Space, the final frontier. In fiction, the human race has long been drawn to the idea of spreading out among the stars, colonising new planets and exploring the furthest reaches of space, ensuring the survival of our species. In reality, the idea of interplanetary colonisation has been hampered by little details such as the inadequacy of our technology and the sheer brain-freezing amounts of money required to launch people out of the Earth’s atmosphere.
Now NASA has announced that not only is it aiming to open the possibility of colonisation, but that it is looking far beyond the confines of the Solar System in order to do so. The Hundred Year Starship project is a research project aimed at developing technology that will put humanity in the position of being able to build a functioning starship in the next century or so.
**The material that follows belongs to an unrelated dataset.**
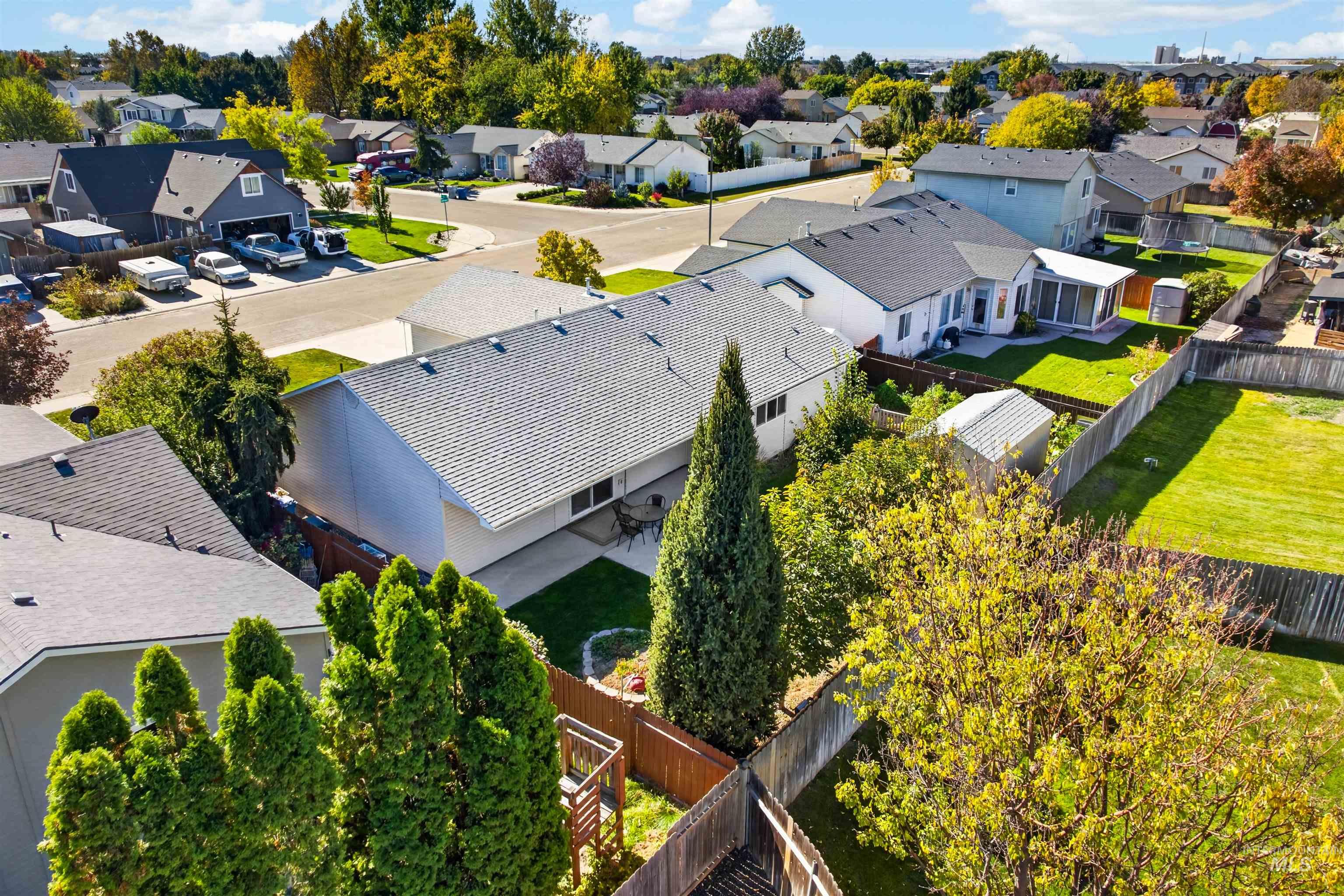 7718 Cedarbrook dr, Nampa, Idaho 83687, 3 Bedrooms, 2 Bathrooms, Residential For Sale, Price $410,000, 99003955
At a San Francisco event in early October 2010 (the Long Conversation Conference), in response to questions about the limited scope for colonisation provided by the solar system itself (“Mars could be a BIT interesting,” the interview conceded grudgingly), the director of NASA’s Ames Research Center, Pete Warden, confirmed that Ames had begun this research programme. $100,000 has been invested by NASA, with $1,000,000 coming from DARP; and Worden is hoping that “certain billionaires” might contribute further.
This Hundred Year Starship would be a one-way ticket for the pioneering astronauts who boarded it, they would be unable to return to Earth. But there is no shortage of astronauts who have previously said that they would be willing to make such a personal sacrifice in order to take us out into space. Overcoming both the possible psychological effects of knowing they will never return to Earth, and the known physical side-effects of space travel such as muscle wastage in zero gravity, will presumably form part of the research and development of the Hundred Year Starship project just as much as investigations into propulsion systems and photon torpedoes (if the eventual starship is not armed with photon torpedoes, everyone will be very disappointed).
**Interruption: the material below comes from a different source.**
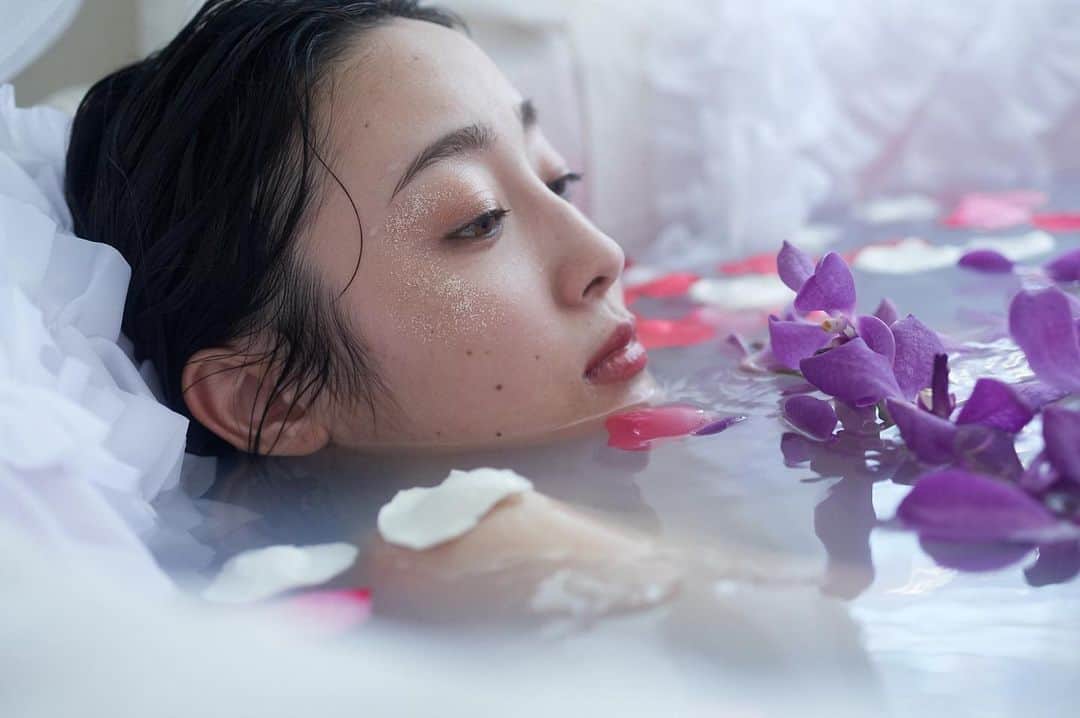 泉見祐希のインスタグラム：「💜🌍 作撮りしたい！」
The Hundred Year Starship project is clearly in its infancy but it marks a shift in NASA’s ambitions, away from exploration and towards colonisation – a goal which the agency has always been very wary about pursuing publicly. The focus on private money in order to achieve this goal is also an interesting new development.
The idea that the NASA mission will take astronauts to Mars and ‘leave them there’ is misleading. It is likely that Mars will at some point be the first staging post in our attempts to spread beyond planet Earth, but the real goal is to seek out new planets in other solar systems. If it gets off the ground, so to speak, the Hundred Year Starship project might end up changing the way we view our place in the Universe.